The actual incision is made with a No.11 or No.15C scalpel and it is important to incorporate the delicate outlines of the wings ( Fig. 11.9 ). After the incision is made, I prefer a bloodless modality such as a CO 2 laser or radiowave microneedle to dissect the skin off of the subcutaneous tissue ( Fig. 11.10 ). I do not usually remove orbicularis oris muscle unless it is hypertrophic. After the skin is excised the procedure is basically finished except for the suturing. The peaks and troughs of the incision outline will allow the surgeon to precisely line up the incision edges and this is secured with several subcutaneous 5-0 gut sutures ( Fig. 11.11 ). After the subcutaneous suture a running 6-0 nylon suture is used ( Fig. 11.12 ).




Fig. 11.9


The angel wing (bullhorn) outline is made to the level of the subcutaneous tissue with a scalpel blade.



Fig. 11.10


(A) The subcutaneous dissection can be completed with numerous incisional modalities but I prefer hemostatic modalities such as laser or radiowave microneedle. Hemostasis is achieved with small-tipped bipolar forceps.



Fig. 11.11


(A) The excised skin to the subcutaneous level and (B) subcutaneous closure with 5-0 gut suture. This should be a smooth approximation without step-off of the approximated edges to achieve maximum aesthetics.



Fig. 11.12


The final closure and the excised skin specimen.

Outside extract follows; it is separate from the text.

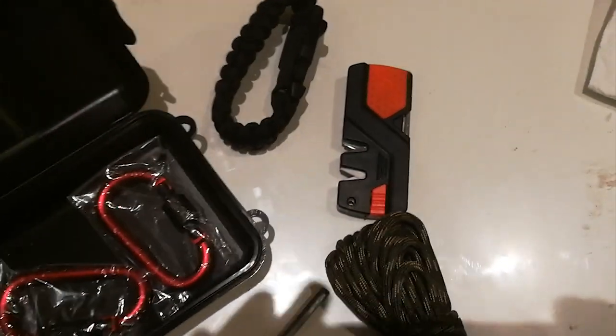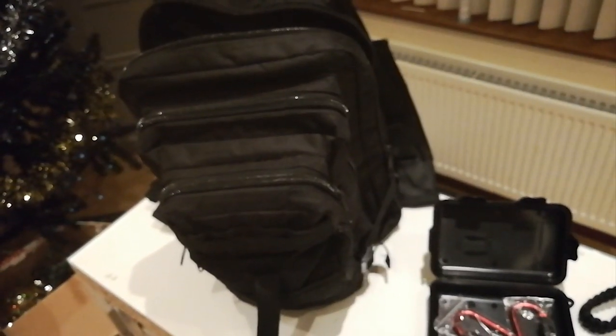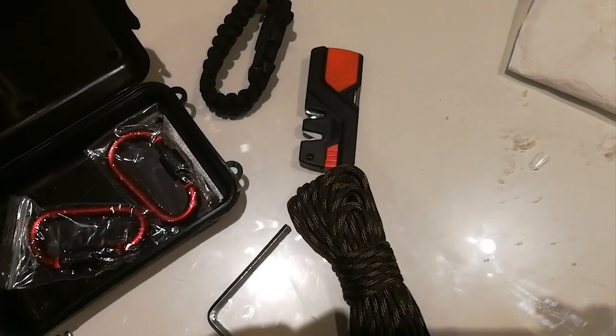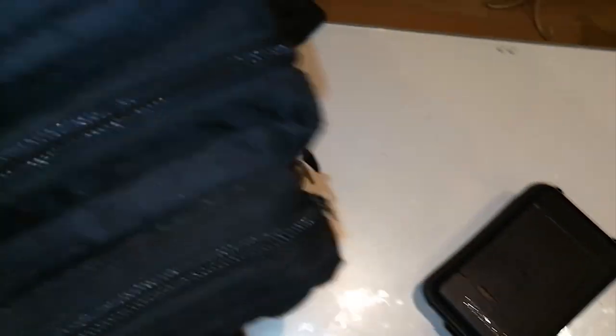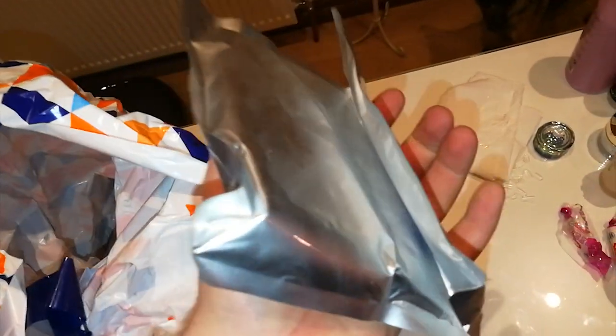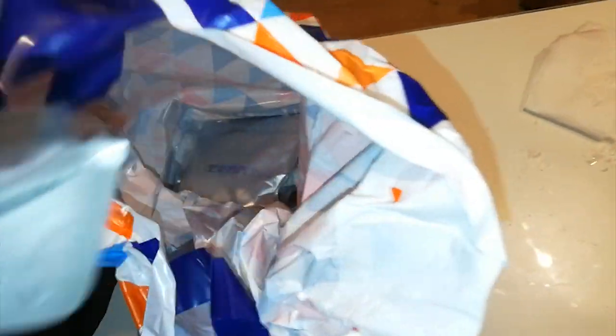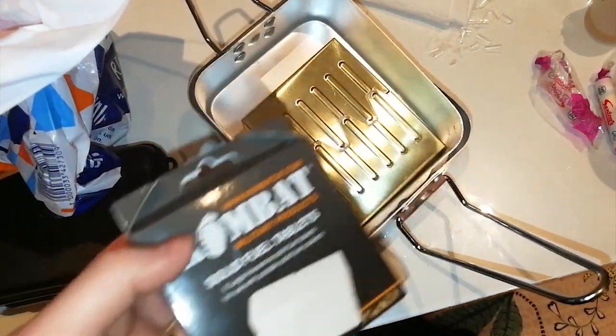I've got my knife sharpener in here too — I took it out of my bug out bag because I figured if I'm bugging out I'll be taking this bag anyway, so it makes sense to always have it. Next I have a little bag with three MRE meals — all vegetable curry flavour. And of course I've got something to cook them on: extra hexi burner tablets, and there are already some tablets in the hexi burner as well.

Figs. 11.13–11.18 show selected before and after images for the angel wing lip lift.




Fig. 11.13


A patient (A) before and (B) 3 months after lip lift. Note the shorter and fuller upper lip.



Fig. 11.14


A patient (A) before and (B) 8 weeks after lip lift showing a shorter and plumper upper lip.



Fig. 11.15


A patient (A) before and (B) after lip lift, the aesthetic improvements in length and pout are obvious.



Fig. 11.16


(A) The long upper lip and small incisor show during half smile before surgery. (B) A shorter lip with increased incisor show.



Fig. 11.17


A three-quarter view of a patient (A) before and (B) after lip lift. A shorter lip with increased pout. This scar is a candidate for CO 2 laser revision.



Fig. 11.18


This denture patient had poor upper incisor exposure and the lip lift greatly improved her smile.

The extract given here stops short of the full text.